Canadian Papers in Rural History, Volume III

Description

256 pages
Contains Illustrations
ISBN 0-9690772-2-X

Publisher

Year

1982

Contributor

Edited by Donald H. Akenson
Reviewed by Alan A. Brookes

Alan A. Brookes was a teacher in the Department of History at the University of Guelph, Ontario.

Review

Like its two predecessors, Canadian Papers in Rural History, Vol. III is a potpourri of essays which vary widely in subject matter and quality. Among the nine papers there are a number of small vignettes. Some are better done, such as John Clarke’s piece on John Askin, “The Activity of an Early Land Speculator,” and Gerald Bloch’s short but thoughtful portrait of Robert Gourlay and his British-moulded vision of agrarian reform. Others, like Alan Skeoch’s antiquarian essay on plowing technology, Darrell Norris and Victor Konrad’s dull and labourious over-analysis of house types in Grey County, and Bruce Batchelor’s vague and scant account of the Saskatchewan Land and Homestead Company’s activities in Alberta, are much weaker. John Mannion has submitted a thorough and readable account of the commercial activities of Waterford merchants in the eighteenth and early nineteenth centuries, yet it is difficult to perceive how the topic is even remotely connected to the most peripheral eddies — let alone the mainstream — of Canadian rural history.

Despite its weaker links and idiosyncracies, the volume makes a major contribution by bringing the “New Rural History” to Canada in force. The three major papers, plus several of the vignettes, are distinguished by their systematic research and quantitative analysis. R.M. McInnis in his “Reconsideration of the State of Agriculture in Lower Canada in the First Half of the 19th Century,” Peter Russell in “Upper Canada: A Poor Man’s Country? Some Statistical Evidence,” and Professor Akenson in his own essay, “Ontario: Whatever Happened to the Irish?” increase substantially the depth and the level of precision and critical analysis in Canadian rural history. Together with Professors Clarke and Norris and Konrad, these authors rely upon such sources as assessment rolls, censuses, land records, deeds and detailed field work; all of them assail “traditional interpretations” based upon “impressionistic,” qualitative evidence — the travellers’ accounts, pioneer novels, and autobiographies that were the stock-in-trade of the “old” rural, social historians. McInnis’s review essay not only challenges many of the accepted causes of the “crise agricole” in Lower Canada, but even ponders whether there was a long-term, structural “crisis” at all. Peter Russell attacks the overly “optimistic ...” and “conventional view that the backwoods of Upper Canada could rapidly transform a pauper immigrant into a yeoman farmer” (pp. 144, 137). Finally, Don Akenson acerbically dissects the “accepted myth” that Ontario’s Irish were an urban people, and gives a solid whack of his shillelagh to several other (lesser) stereotypes of the Mickeys and the poor, unfortunate authors who have adopted them in Canada.

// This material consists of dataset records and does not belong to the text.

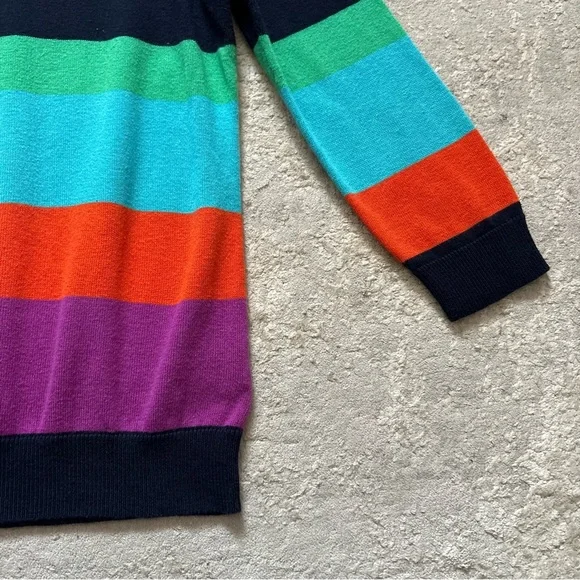 Ralph Lauren Chaps Striped Knit 3/4 Sleeve Rainbow Pullover Sweater Size Medium - Picture 6 of 10
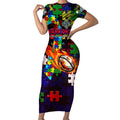 New Zealand Warriors Autism Awareness Short Sleeve Bodycon Dress Puzzle Flames Rugby Ball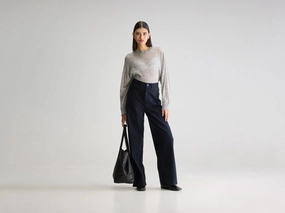 Lottie wide trousers (252 / W / NAVY) luxe feel Low Bulk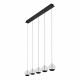 Lampada a sospensione moderna con 5 diffusori LED dimmerabili lineari in vetro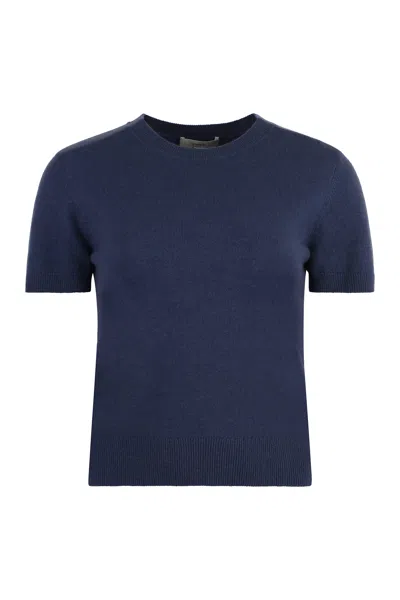 Vince Short Sleeve Sweater In Blue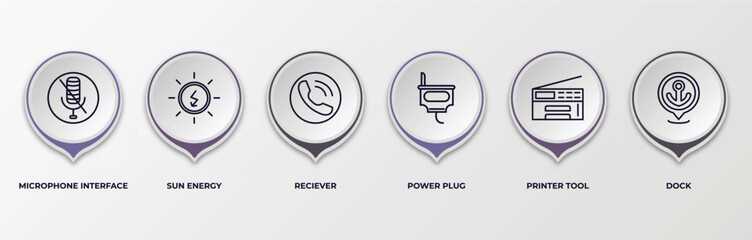 Poster - infographic template with outline icons. infographic for technology concept. included microphone interface, sun energy, reciever, power plug, printer tool, dock editable vector.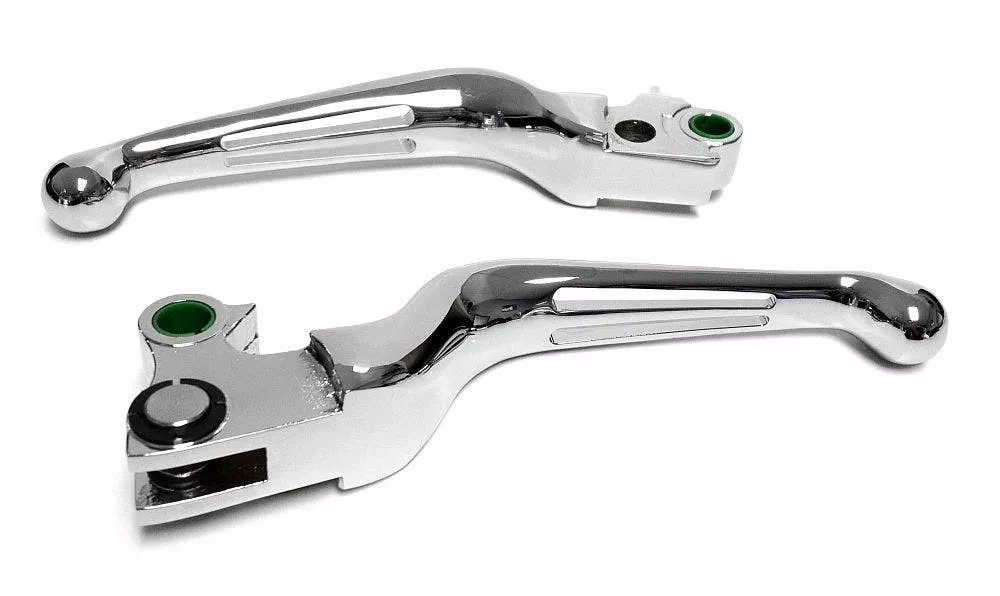 Custom Chrome 2 Slot Chrome Ergonomic Hand Levers for '07-'16 Harley Big Twin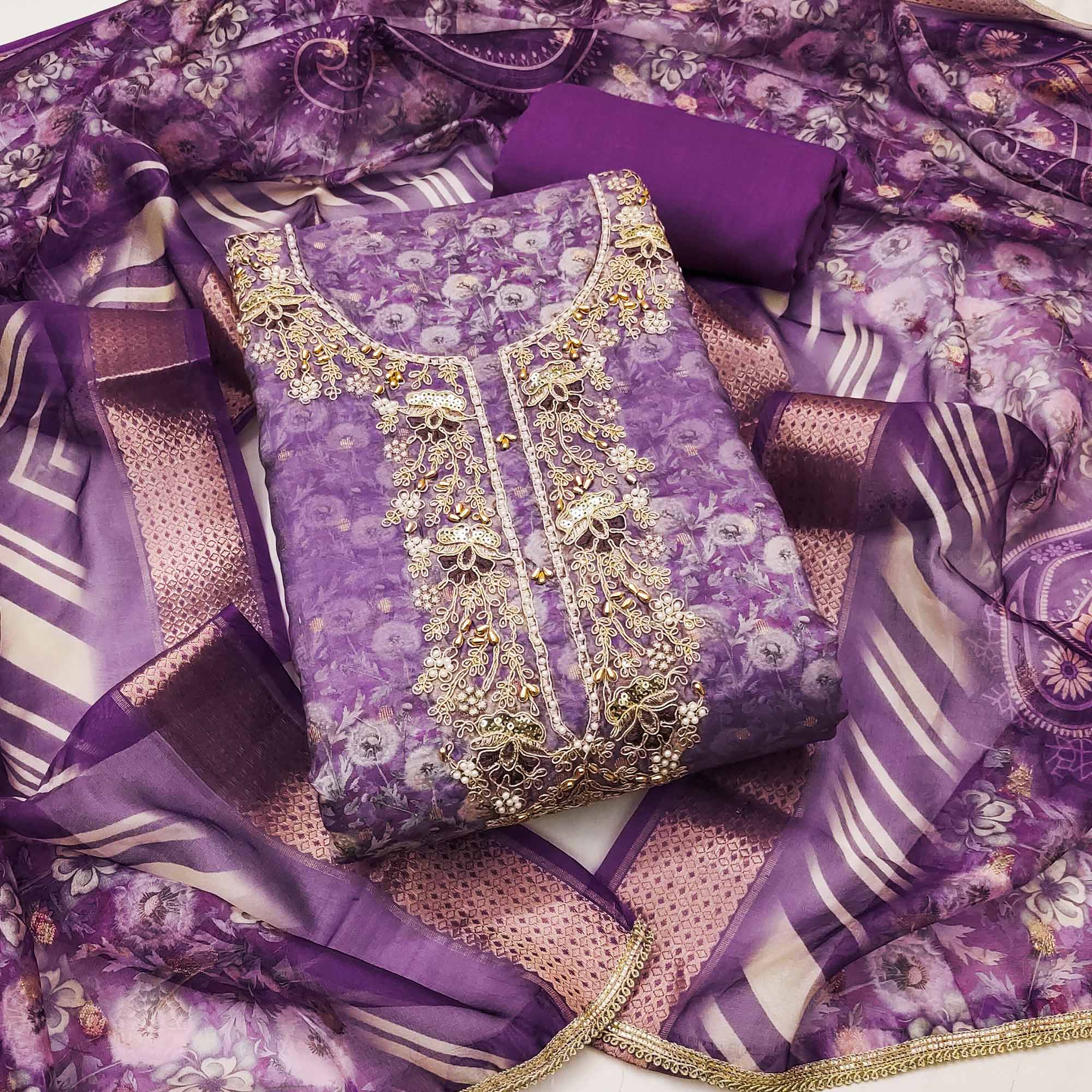 Purple Banarasi Cotton Blend Dress Material With Floral Digital Print & Elegant Moti Handwork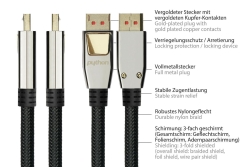 Python DisplayPort 1.4 an HDMI 2.0 Kabel Nylong. schwarz 2m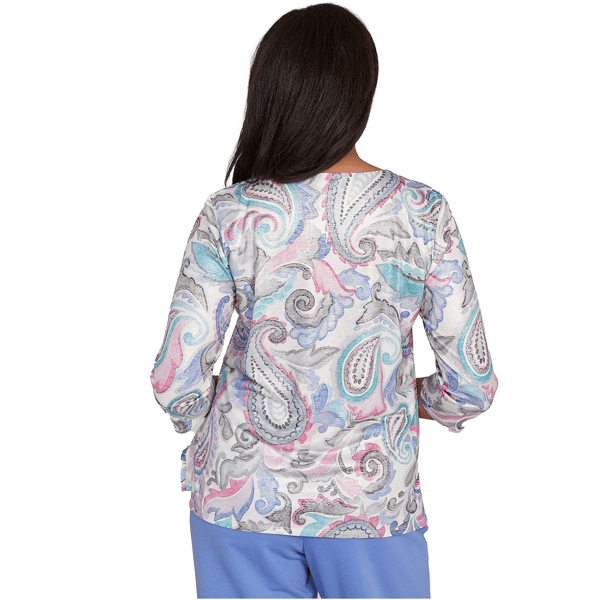 Womens Alfred Dunner Casual Vibe Pleat Neck Paisley Blouse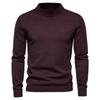 AIOPESON Mid Neck Pullover Men Casual Solid Color Soft Winter Warm Men's Sweater High Quality Pullover Sweater For Men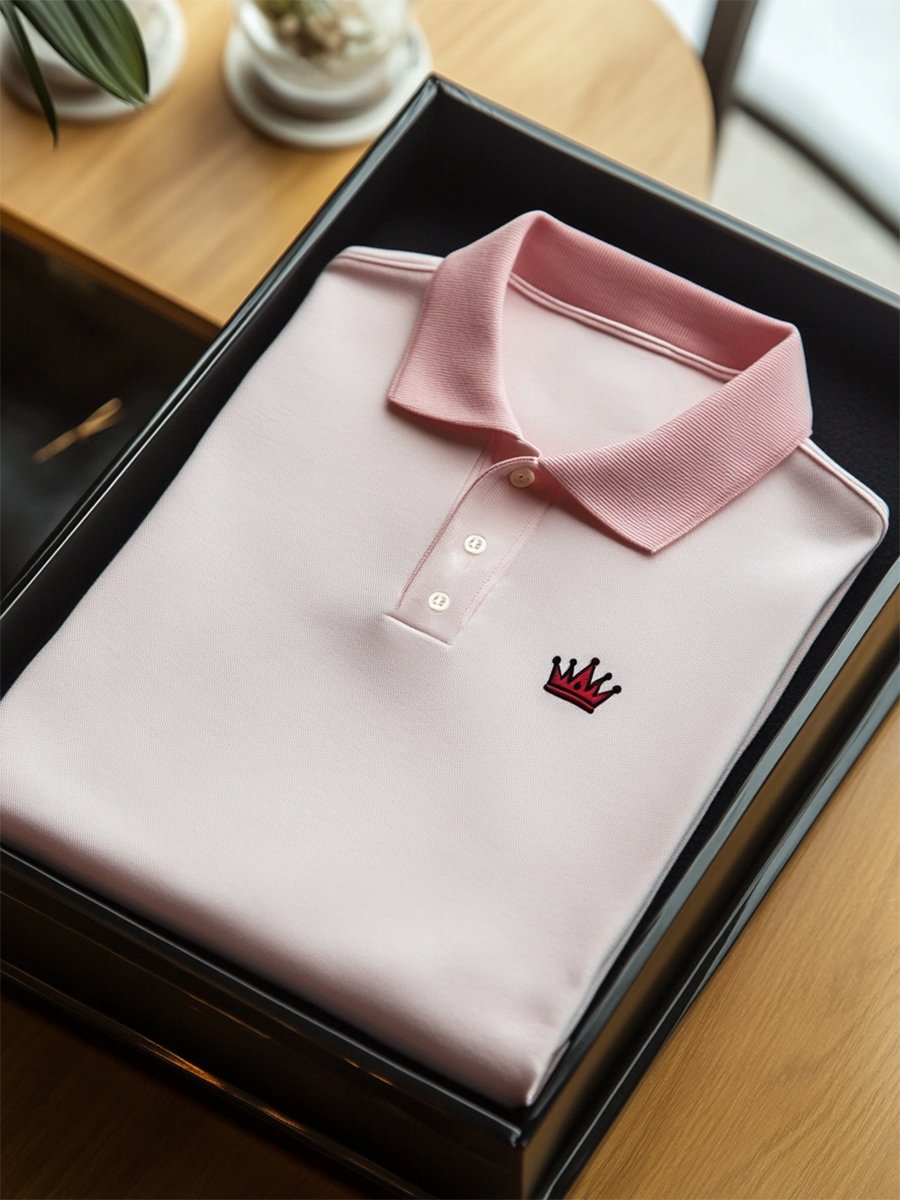 Men's Business Casual Button Short Sleeve Polo Shirt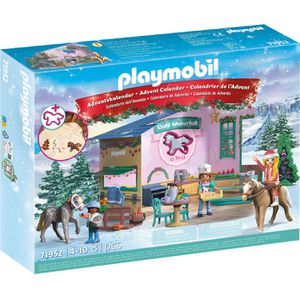 playmobil Adventskalender 71952 Weihnachtsbacken im Reitercafe, gefüllt mit Spielfiguren und Zubehör, 40 x 30 cm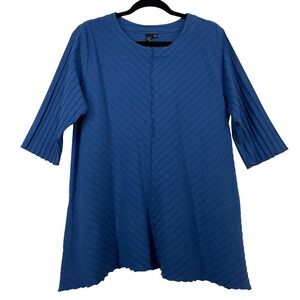 Focus Casual Life Size Medium Tunic Top Blue Asymmetrical Ribbed Art to Wear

It should be noted, though, that even these more detailed, more thorough, and more critical, iconoclastic forays are not without their weaknesses. Often, the quantitative disclaimers produce mixed signals, and with both McInnis and Akenson, the counter-hypotheses appear at times to be almost as tentative or fuzzy as the tenets they assail. Russell spends 14.3 pages statistically convincing us that the average farmer could clear only about one and one half acres per year rather than the usually claimed four acres, before resorting to some completely qualitative, literary evidence to restore a less pessimistic balance that rural Upper Canada was probably better than the U.K. One cannot help suspecting that Russell’s findings might have been more optimistic had he chosen 15 townships from southwestern rather than eastern Ontario. Norris and Konrad provide a fine example of just how poorly quantitative history can be done. In a manner typical of the early writings of the “new” history, the major papers all raise more questions than they answer, conclude with a call for more research, and leave one with a vague feeling of unease. But that is probably precisely what the authors intended.

Canadian Papers in Rural History, Vol. III provides us with substantial doses of the good, the bad, and the ugly. Yet it is frequently lively, stimulating, and provocative; it unequivocally points the way for future studies, toward more quantitative, local micro-studies of rural areas and issues. Along the way, Paddy Akenson better watch out, for them Mickeys is an awful foigtin’ bunch.